Question: Java native methods. Public vs. private

Question

Java native methods. Public vs. private

Answers 2
Added at 2017-01-05 00:01
Tags
Question

Assume that we need to implement some java method in native code and expose it to user. We know that all work is done by native side, i.e. the only responsibility of java code is to pass user-supplied arguments to native code and return result back. According to this, java layer may be implemented in two ways:

  • By using of native methods that are directly exposed to user:

    public native Object doSmth(Object arg0, Object arg1);
    
  • By using of thin public wrapper around private native method:

    public Object doSmth(Object arg0, Object arg1) {
        return nativeDoSmth(arg0, arg1);
    }
    
    private native Object nativeDoSmth(Object arg0, Object arg1);
    

I've seen both approaches in real projects and even both former and latter in the same project.

So, my question is: does any of mentioned alternatives have some technical or performance or maintainability advantages, that should encourage to use only one variant. Or maybe it is all just a matter of taste?

Answers
nr: #1 dodano: 2017-01-05 01:01

I think it's mostly a personal style choice.

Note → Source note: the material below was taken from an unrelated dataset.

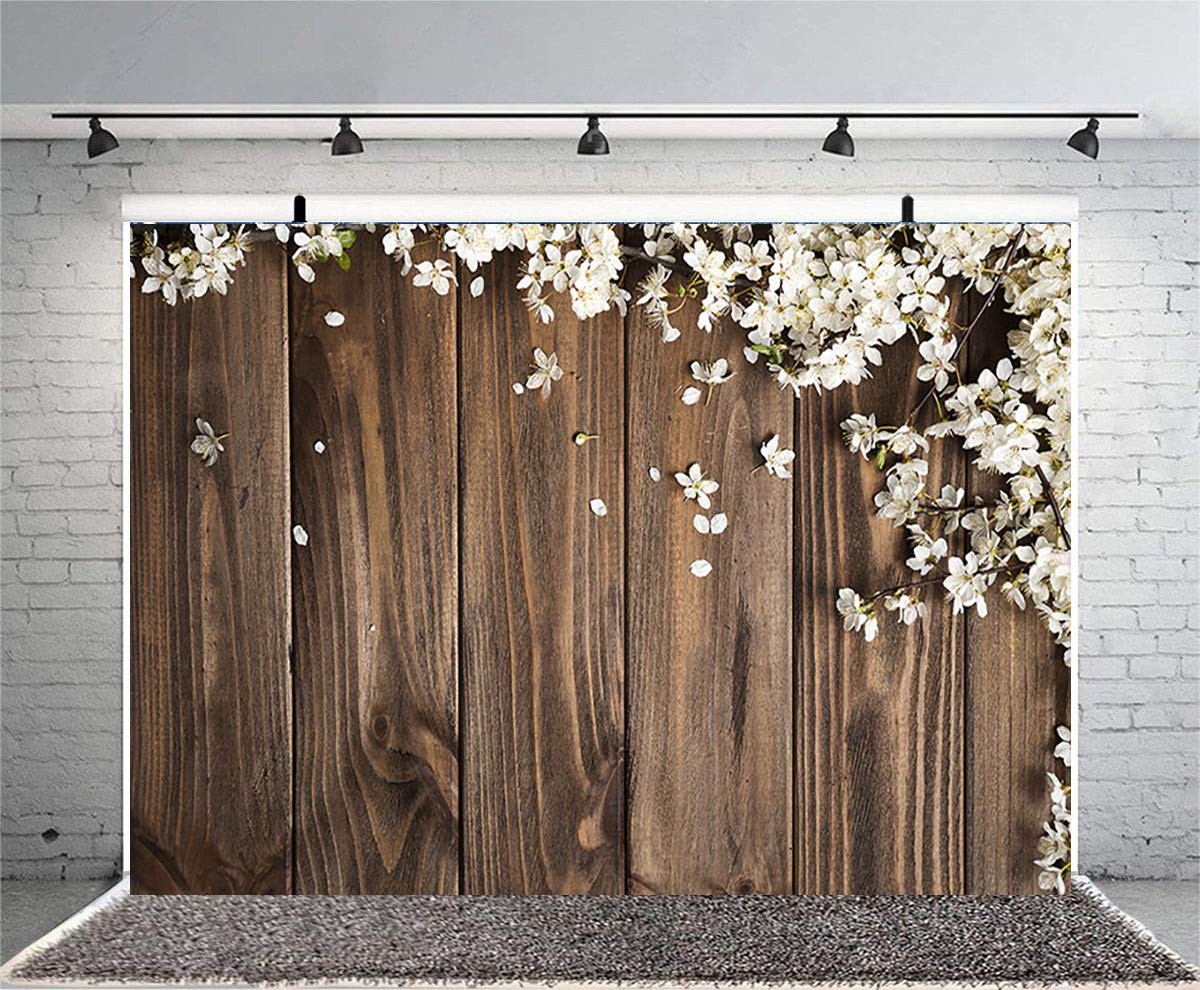 7x5ft Rustic Floral Wood Photo Backdrop White Flower Retro Prop WP093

If you consider the following code:

rattias-macbookpro:tst rattias$ diff Test1.cl Test1.class rattias-macbookpro:tst rattias$ vi Test1.java

public class Test1 {
  public static void main(String[] args) {
    Test2 t = new Test2();
    t.m();
  }
}

public class Test2 {
  public native void m();
}

Compiling this produces a Test1.class which is identical to the one produced when Test2 is defined as follows:

public class Test2 {
  public void m() {
  }
}  

This means that you could change the implementation to be native, pure java, a pure java wrapper to a native private method, at any point in time without affecting the users. There may be a question to whether an entire public API function needs to be native, vs. just a portion of the computation, but again that can be changed at any point.

nr: #2 dodano: 2017-01-05 05:01

So, my question is: does any of mentioned alternatives have some technical or performance or maintainability advantages, that should encourage to use only one variant.

Maintainability advantage is the key here. As stated in the comments, the object exposes its behavior. How it is implemented is not the user's business. This gives you more flexibility.

Suppose that in the future (see: maintainability) you find that you want/need to adjust the method such that it does something before and/or after the native call. In the first approach, you will need to deprecate the method and create a new one. In the second second approach, you just add whatever you need in the method and the user doesn't care.

As for performance, in theory, the first approach is faster because it's 1 less call. In practice, it's completely negligible.